There is an abundance of literature – archaeological, historical, paleoclimatic, and paleoenvironmental – born out of the reasonable premise that past climatic shifts were of magnitudes that must have had cultural consequences.  Such work, however, has struggled to move beyond correlation; we aim to articulate these links between paleoenvironmental and cultural change and to thereby tackle what has been a persistent challenge.
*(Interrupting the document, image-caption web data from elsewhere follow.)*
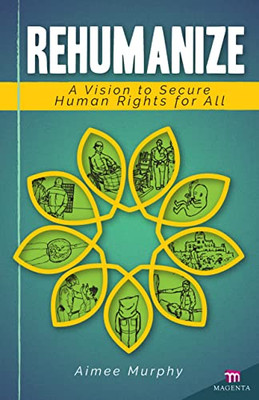 Rehumanize: A Vision To Secure Human Rights For All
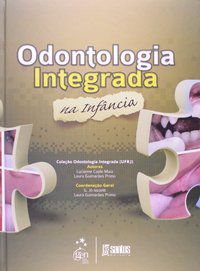 ODONTOLOGIA INTEGRADA NA INFÂNCIA - MAIA, LUCIANNE COPLE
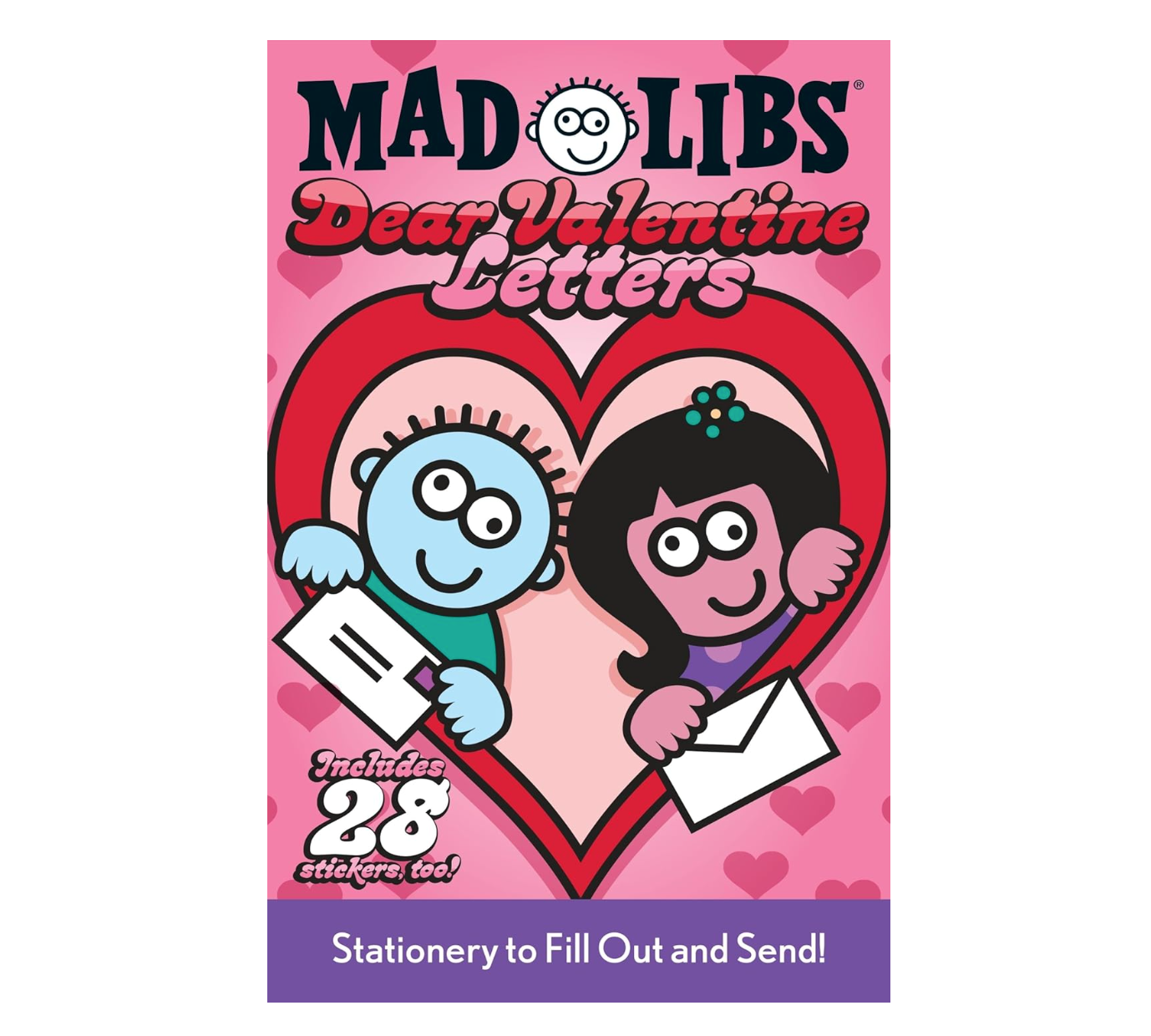 Dear Valentine Letters Mad Libs: Stationery to Fill Out and Send!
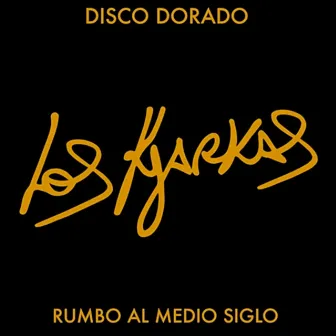 Disco Dorado (Rumbo al Medio Siglo) by Los Kjarkas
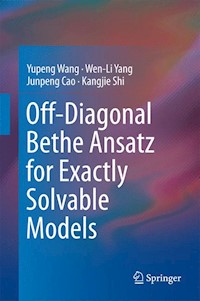 Off-Diagonal Bethe Ansatz for Exactly Solvable Models - Yupeng Wang - E-Book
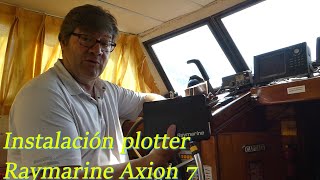 Instalación plotter Raymarine Axion 7 by INFORNAUTIC 3,649 views 4 years ago 11 minutes, 18 seconds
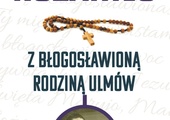 Różaniec z błogosławioną rodziną Ulmówred. Magdalena Kędzierska-Zaporowska Wydawnictwo eSPe Kraków 2023 ss. 80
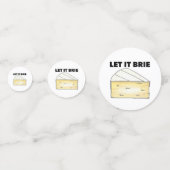 LAAT IT BRIE (BE) Funny Brie Cheese Foodie Confetti (Voorkanten)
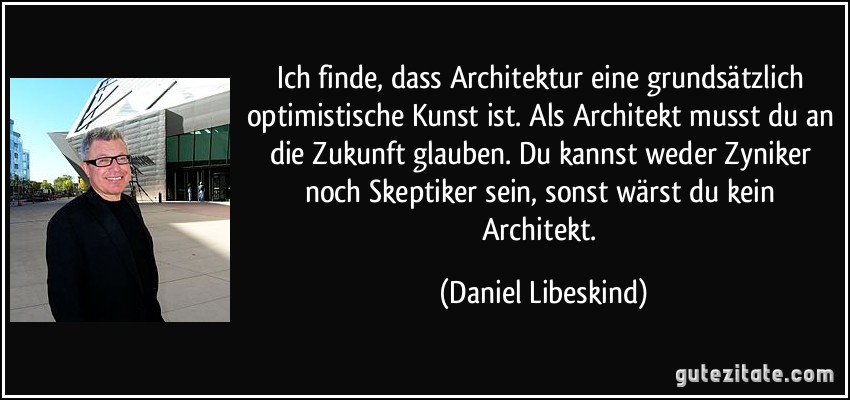 Ich finde, dass Architektur eine grundsätzlich optimistische Kunst ist. Als Architekt musst du an die Zukunft glauben. Du kannst weder Zyniker noch Skeptiker sein, sonst wärst du kein Architekt. (Daniel Libeskind)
This will improve our understanding of cultural trajectories, of human ecological footprints, and provide a strategy for untangling human and environmental histories in the long term.  It will make past human experience directly relevant to current global realities and challenges.  

Our models aim to provide explicit, well-formulated mechanisms linking humans and environments, thereby enabling the articulation of testable hypotheses that can be compared to empirical evidence.  Questions of scale and resolution are fundamental.  Environmental parameters are generally the purview of environmental modeling and paleoclimate studies – where spatial scales are regional and temporal scales are centennial, if not millennial.  In contrast, social scientific explanation relies fundamentally on anthropological models of behavior – i.e., human decision-making at local and annual or decadal scales. 

Agent based modeling can contribute significantly to reducing this important interpretative gap. We model the human consequences of climatic change, with a view to exploring their variability across different geographies, production regimes (i.e., subsistence practice and technology, and available resources), demographic, sociopolitical and economic contexts, and environmental inheritances. This will provide a means of articulating linking mechanisms where they cannot be directly observed.

Using landscape evolution and agroecosystem models in a feedback system with agent-based models of small Mediterranean communities, and starting from a specific example of Provençal geography,this project explores the effects of climatic shifts, legacies of human activity, available subsistence options and technologies, and community size and organization on vulnerability and resilience.